* [Problem]:
Somewhere below, one line contains "Bathroom with a" and a later line contains "Gianni Bini Torre". Output those two lines and everything between them exactly, and nothing else.

* [Data supplied]:
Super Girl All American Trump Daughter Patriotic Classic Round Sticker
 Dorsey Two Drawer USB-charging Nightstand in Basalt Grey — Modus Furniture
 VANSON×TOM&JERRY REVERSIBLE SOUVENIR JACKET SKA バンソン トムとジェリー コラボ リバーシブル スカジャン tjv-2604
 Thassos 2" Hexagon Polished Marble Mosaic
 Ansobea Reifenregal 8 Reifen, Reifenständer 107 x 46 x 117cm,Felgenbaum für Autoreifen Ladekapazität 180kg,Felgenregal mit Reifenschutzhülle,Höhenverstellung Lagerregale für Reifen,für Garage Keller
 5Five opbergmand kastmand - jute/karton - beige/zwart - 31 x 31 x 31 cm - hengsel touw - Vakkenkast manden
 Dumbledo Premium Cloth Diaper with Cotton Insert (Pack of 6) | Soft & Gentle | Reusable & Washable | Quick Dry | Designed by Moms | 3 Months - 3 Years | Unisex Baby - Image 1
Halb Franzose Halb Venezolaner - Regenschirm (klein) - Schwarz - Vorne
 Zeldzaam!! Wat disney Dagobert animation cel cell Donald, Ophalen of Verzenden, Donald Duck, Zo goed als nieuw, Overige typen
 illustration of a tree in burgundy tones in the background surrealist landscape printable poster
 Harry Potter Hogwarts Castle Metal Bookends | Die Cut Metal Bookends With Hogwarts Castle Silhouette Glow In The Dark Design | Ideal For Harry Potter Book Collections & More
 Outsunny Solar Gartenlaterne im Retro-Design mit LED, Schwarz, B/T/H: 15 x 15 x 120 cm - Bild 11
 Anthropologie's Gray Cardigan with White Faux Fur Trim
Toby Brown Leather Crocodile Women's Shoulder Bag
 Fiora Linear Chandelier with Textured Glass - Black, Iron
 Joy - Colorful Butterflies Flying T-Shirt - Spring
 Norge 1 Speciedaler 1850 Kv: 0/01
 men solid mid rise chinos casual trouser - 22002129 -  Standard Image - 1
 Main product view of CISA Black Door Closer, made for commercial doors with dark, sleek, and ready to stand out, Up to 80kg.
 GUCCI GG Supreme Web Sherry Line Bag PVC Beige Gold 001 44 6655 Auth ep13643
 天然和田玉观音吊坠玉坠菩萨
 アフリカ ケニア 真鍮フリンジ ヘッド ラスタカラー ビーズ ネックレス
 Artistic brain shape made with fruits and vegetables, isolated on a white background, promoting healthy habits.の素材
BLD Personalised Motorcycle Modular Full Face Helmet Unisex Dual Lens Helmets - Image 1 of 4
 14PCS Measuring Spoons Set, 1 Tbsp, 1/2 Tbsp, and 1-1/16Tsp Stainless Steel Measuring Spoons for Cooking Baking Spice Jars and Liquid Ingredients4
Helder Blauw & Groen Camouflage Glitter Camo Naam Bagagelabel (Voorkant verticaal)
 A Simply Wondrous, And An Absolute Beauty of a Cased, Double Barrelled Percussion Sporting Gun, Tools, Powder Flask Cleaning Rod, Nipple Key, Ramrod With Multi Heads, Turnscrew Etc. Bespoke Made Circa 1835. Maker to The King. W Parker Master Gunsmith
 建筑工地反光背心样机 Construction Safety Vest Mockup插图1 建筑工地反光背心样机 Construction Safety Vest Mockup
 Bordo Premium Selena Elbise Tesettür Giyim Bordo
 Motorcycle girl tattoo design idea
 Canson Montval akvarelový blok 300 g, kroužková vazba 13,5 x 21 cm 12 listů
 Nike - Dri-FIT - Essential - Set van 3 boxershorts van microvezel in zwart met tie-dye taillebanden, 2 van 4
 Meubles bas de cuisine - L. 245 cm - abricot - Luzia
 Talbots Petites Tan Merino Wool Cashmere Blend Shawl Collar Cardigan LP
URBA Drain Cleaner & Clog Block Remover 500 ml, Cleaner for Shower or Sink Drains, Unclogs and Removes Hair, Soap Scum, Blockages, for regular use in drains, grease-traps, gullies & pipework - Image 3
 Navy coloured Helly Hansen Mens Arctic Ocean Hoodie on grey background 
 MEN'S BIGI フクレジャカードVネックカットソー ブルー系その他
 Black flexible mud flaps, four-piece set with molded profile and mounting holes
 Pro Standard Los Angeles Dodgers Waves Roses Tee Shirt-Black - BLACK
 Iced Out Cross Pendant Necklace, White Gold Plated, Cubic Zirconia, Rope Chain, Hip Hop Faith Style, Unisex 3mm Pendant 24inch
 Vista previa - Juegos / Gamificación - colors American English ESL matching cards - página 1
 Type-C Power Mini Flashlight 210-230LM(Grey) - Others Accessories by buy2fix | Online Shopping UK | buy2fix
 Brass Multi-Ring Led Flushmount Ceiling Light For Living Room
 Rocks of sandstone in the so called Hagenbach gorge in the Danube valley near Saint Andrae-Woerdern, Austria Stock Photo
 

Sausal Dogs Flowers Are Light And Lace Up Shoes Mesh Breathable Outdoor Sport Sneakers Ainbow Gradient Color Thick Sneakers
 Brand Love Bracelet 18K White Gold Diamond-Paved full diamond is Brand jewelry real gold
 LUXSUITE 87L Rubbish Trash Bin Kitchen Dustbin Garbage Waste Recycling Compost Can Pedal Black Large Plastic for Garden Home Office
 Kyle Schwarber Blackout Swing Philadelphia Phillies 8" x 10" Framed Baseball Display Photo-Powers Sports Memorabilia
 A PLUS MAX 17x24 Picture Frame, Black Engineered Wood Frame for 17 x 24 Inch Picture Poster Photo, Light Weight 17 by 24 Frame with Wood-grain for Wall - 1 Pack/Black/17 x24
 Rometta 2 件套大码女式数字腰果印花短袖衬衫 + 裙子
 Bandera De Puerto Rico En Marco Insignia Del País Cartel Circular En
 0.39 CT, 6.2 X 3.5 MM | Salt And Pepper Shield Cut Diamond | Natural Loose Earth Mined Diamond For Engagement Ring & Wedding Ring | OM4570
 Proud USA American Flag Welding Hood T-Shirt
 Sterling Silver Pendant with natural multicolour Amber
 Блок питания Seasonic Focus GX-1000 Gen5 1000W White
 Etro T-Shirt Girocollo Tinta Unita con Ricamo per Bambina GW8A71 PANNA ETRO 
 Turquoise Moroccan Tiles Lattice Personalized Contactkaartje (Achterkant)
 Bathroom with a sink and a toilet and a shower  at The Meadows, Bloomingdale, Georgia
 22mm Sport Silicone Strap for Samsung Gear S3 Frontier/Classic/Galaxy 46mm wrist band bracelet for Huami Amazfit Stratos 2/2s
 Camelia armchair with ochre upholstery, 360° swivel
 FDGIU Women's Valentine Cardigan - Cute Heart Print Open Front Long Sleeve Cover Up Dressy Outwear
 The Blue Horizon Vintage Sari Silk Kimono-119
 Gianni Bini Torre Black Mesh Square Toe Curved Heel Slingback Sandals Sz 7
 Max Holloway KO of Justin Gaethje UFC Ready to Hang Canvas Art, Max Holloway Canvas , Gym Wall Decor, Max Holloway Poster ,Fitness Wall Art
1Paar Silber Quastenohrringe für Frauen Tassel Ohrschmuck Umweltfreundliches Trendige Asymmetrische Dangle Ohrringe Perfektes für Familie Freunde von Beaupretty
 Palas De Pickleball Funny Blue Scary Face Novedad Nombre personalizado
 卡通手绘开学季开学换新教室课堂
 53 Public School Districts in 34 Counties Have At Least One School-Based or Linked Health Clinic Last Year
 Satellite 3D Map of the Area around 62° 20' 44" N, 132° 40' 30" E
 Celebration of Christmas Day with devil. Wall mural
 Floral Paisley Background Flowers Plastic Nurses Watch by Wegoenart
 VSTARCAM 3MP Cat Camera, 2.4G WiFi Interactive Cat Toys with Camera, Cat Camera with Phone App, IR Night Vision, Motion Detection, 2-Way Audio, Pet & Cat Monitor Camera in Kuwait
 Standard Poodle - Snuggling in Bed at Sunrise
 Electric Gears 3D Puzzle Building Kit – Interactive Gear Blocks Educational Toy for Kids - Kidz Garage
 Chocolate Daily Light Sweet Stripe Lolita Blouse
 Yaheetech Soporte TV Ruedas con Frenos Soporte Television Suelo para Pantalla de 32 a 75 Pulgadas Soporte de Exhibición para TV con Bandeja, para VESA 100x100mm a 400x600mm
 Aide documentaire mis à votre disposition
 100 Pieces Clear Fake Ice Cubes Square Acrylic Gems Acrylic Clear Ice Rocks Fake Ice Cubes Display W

* [Task result]:
 Bathroom with a sink and a toilet and a shower  at The Meadows, Bloomingdale, Georgia
 22mm Sport Silicone Strap for Samsung Gear S3 Frontier/Classic/Galaxy 46mm wrist band bracelet for Huami Amazfit Stratos 2/2s
 Camelia armchair with ochre upholstery, 360° swivel
 FDGIU Women's Valentine Cardigan - Cute Heart Print Open Front Long Sleeve Cover Up Dressy Outwear
 The Blue Horizon Vintage Sari Silk Kimono-119
 Gianni Bini Torre Black Mesh Square Toe Curved Heel Slingback Sandals Sz 7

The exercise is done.